TASK GOAL: The task for the listing below is to write out exactly the lines starting at the one containing "35Pcs Simulated Cherry" and ending at the one containing "House of Harlow", both included. Pictures are to be omitted.

SUPPLIED RECORDS:

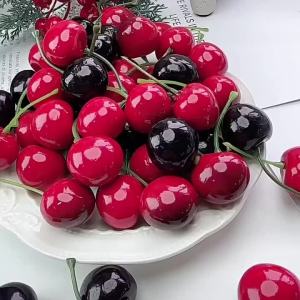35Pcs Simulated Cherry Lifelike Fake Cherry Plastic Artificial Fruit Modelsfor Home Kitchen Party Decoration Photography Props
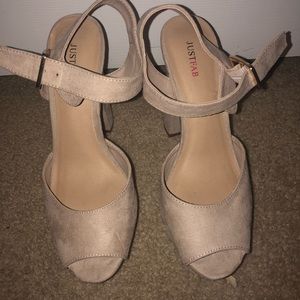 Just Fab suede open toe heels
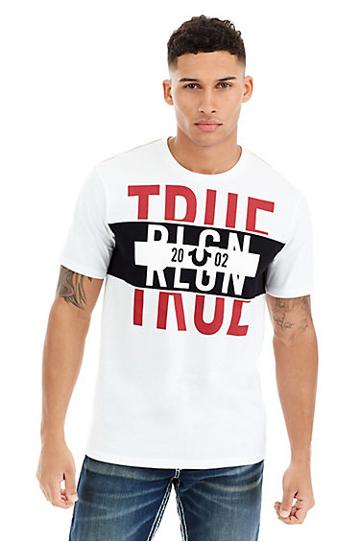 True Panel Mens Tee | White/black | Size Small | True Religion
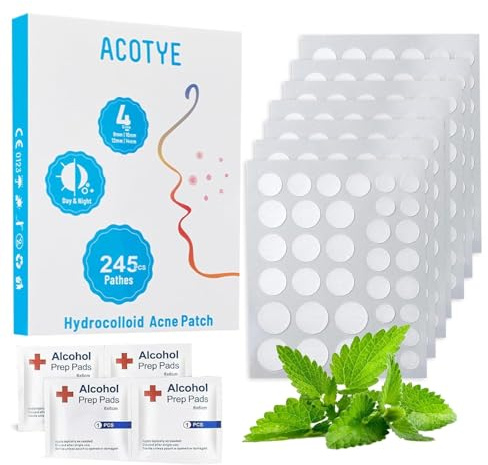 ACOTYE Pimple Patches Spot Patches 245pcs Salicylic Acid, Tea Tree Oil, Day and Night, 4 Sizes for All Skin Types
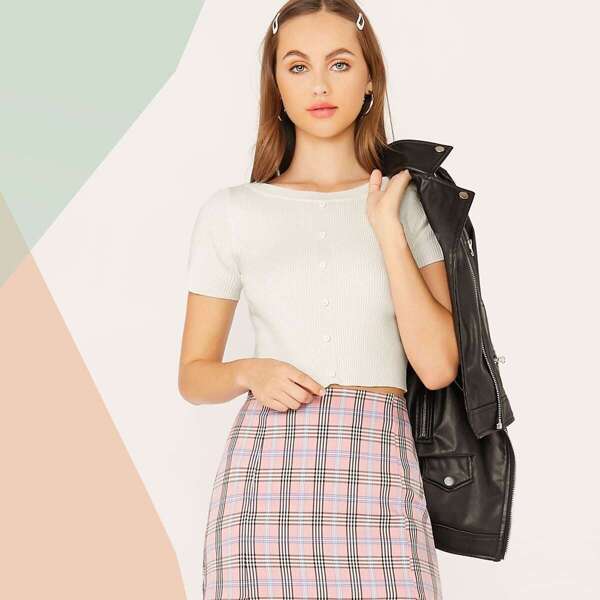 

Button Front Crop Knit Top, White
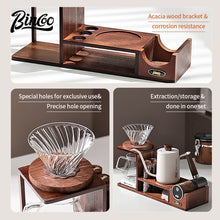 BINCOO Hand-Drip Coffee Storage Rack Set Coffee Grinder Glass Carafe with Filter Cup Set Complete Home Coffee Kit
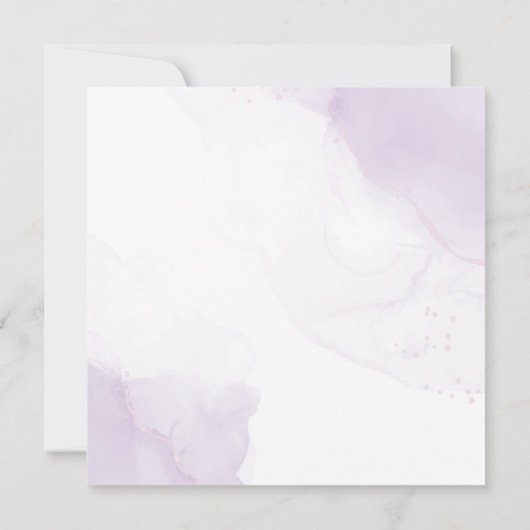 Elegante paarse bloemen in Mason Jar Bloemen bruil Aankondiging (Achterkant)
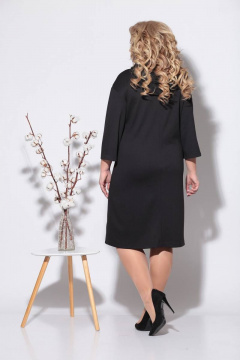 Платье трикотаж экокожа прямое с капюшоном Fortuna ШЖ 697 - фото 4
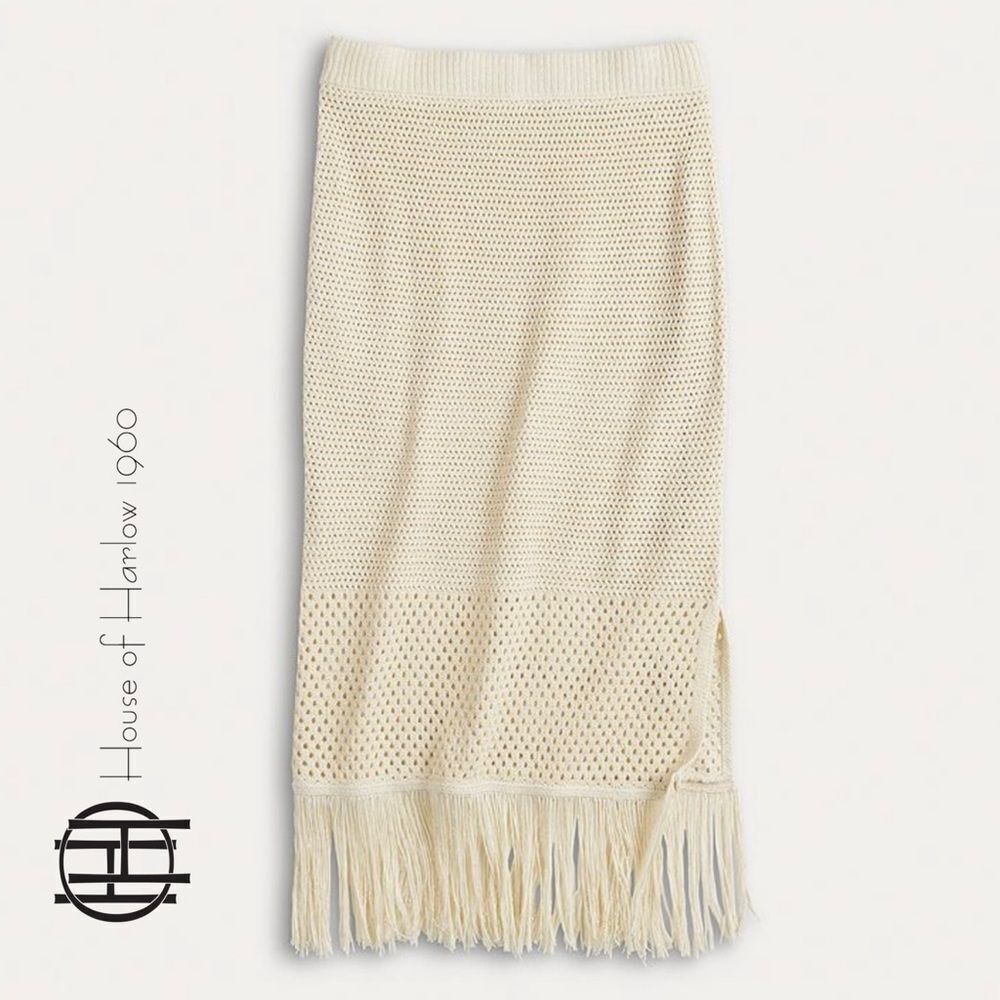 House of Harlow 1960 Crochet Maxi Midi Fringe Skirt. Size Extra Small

* * *

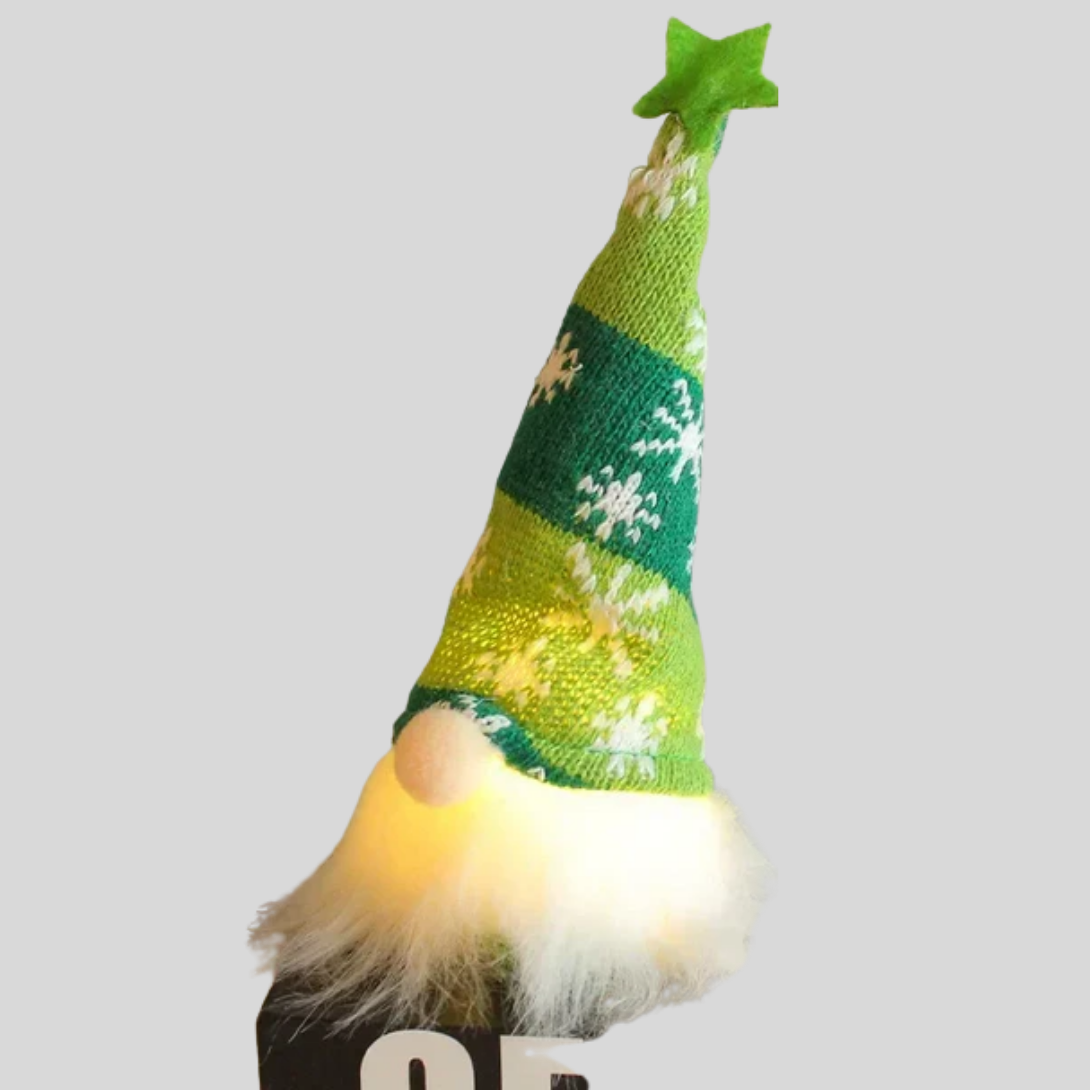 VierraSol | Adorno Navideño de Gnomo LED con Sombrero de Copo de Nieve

ANSWER TO THE EXERCISE:
35Pcs Simulated Cherry Lifelike Fake Cherry Plastic Artificial Fruit Modelsfor Home Kitchen Party Decoration Photography Props
 Just Fab suede open toe heels
 True Panel Mens Tee | White/black | Size Small | True Religion
 ACOTYE Pimple Patches Spot Patches 245pcs Salicylic Acid, Tea Tree Oil, Day and Night, 4 Sizes for All Skin Types

Button Front Crop Knit Top, White
 BINCOO Hand-Drip Coffee Storage Rack Set Coffee Grinder Glass Carafe with Filter Cup Set Complete Home Coffee Kit
 Elegante paarse bloemen in Mason Jar Bloemen bruil Aankondiging (Achterkant)
 Платье трикотаж экокожа прямое с капюшоном Fortuna ШЖ 697 - фото 4
 House of Harlow 1960 Crochet Maxi Midi Fringe Skirt. Size Extra Small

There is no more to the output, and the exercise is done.